Microsoft disrupts cybercrime operation by selling fraudulent accounts to notorious hacker gang

Microsoft has announced that it has taken legal action to disrupt a cybercrime operation that sold fraudulent accounts to a notorious hacking gang. The operation, dubbed “CyberX,” allegedly provided access to compromised Microsoft 365 and Azure accounts to the “Evil Corp” group, responsible for several high-profile ransomware attacks.

According to Microsoft, CyberX was using phishing and credential stuffing techniques to obtain login credentials from unsuspecting victims and then sell them on the dark web. CyberX also offered account takeover services, where they would hijack existing accounts and use them to launch further attacks.

Microsoft said it obtained a court order to take control of six domains that CyberX used to carry out its illegal activities. The company also said it notified affected customers and helped them protect their accounts. Microsoft said its actions disrupted CyberX's ability to operate and reduced the risk of future attacks by Evil Corp.

Microsoft's Digital Crimes Unit (DCU) led the investigation, which involved collaboration with law enforcement agencies and cybersecurity partners. Microsoft said it will continue to monitor and pursue CyberX and Evil Corp, as well as other cybercriminals who abuse its products and services.

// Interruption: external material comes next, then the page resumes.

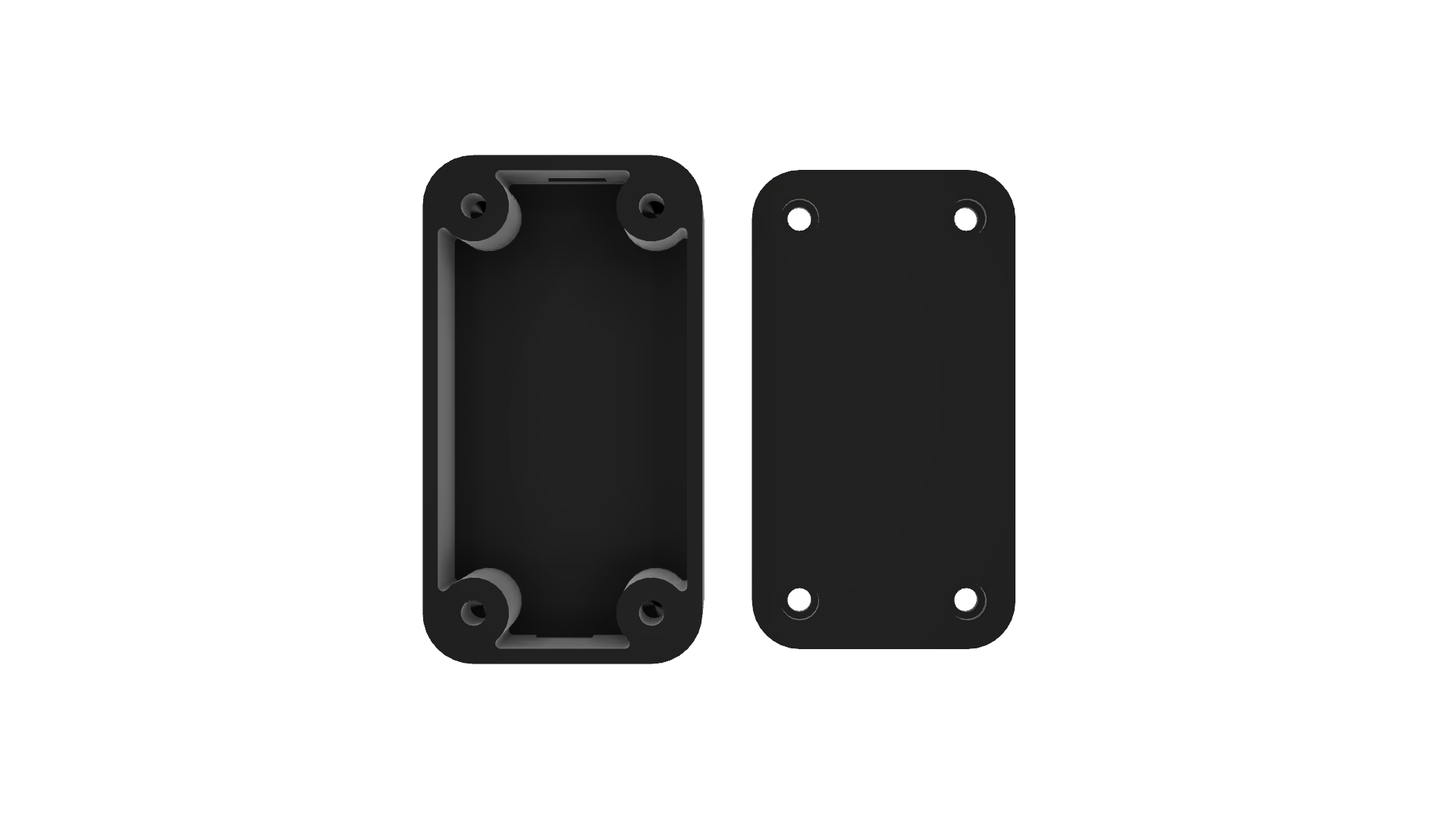 IR Module v1 Top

Microsoft President Brad Smith said in a statement: “We are committed to protecting our customers and the broader Internet community from the threat of cybercrime. This operation is an example of how we use our legal and technical expertise to thwart malicious actors and protect our clients. . "We will not tolerate misuse of our platforms and services by cybercriminals, and we will use all available means to stop them."

Microsoft's efforts to dismantle the infrastructure of a cybercrime operation known as "Storm-1152." This group was involved in selling access to fraudulent Outlook accounts to other hackers, including the Scattered Spider gang. The operation was a major player in the cybercrime as a service (CaaS) ecosystem, offering hacking and cybercrime services to other individuals or groups.

According to Microsoft, Storm-1152 created approximately 750 million fraudulent Microsoft accounts through its “hotmailbox.me” service and earned millions of dollars in illicit revenue while causing substantial damage to Microsoft. The group used Internet 'bots' to trick Microsoft's security systems, creating Outlook email accounts in the names of fictitious users and selling these fraudulent accounts to cybercriminals.

In addition to fraudulent accounts, Storm-1152 operated fee resolution services for CAPTCHA, allowing cybercriminals to bypass these security measures in the online environments of Microsoft and other companies.

Microsoft identified several ransomware and extortion groups, including the Scattered Spider (Octo Tempest) gang, as users of Storm-1152's services. The Scattered Spider group was previously linked to attacks targeting Okta customers and claimed responsibility for the attack on MGM Resorts.

A court order obtained by Microsoft on December 7 revealed that Scattered Spider hackers had committed "massive ransomware attacks against flagship Microsoft customers," resulting in service disruptions and hundreds of millions of dollars in damage.

Storm-1152's services were reportedly used by other cybercriminal groups to attack not only Microsoft but also other technology companies such as X (formerly Twitter) and Google, causing damage to these companies and their customers.

It is important to note that combating cybercrime involves collaboration between technology companies, law enforcement and cybersecurity experts to identify and dismantle such operations.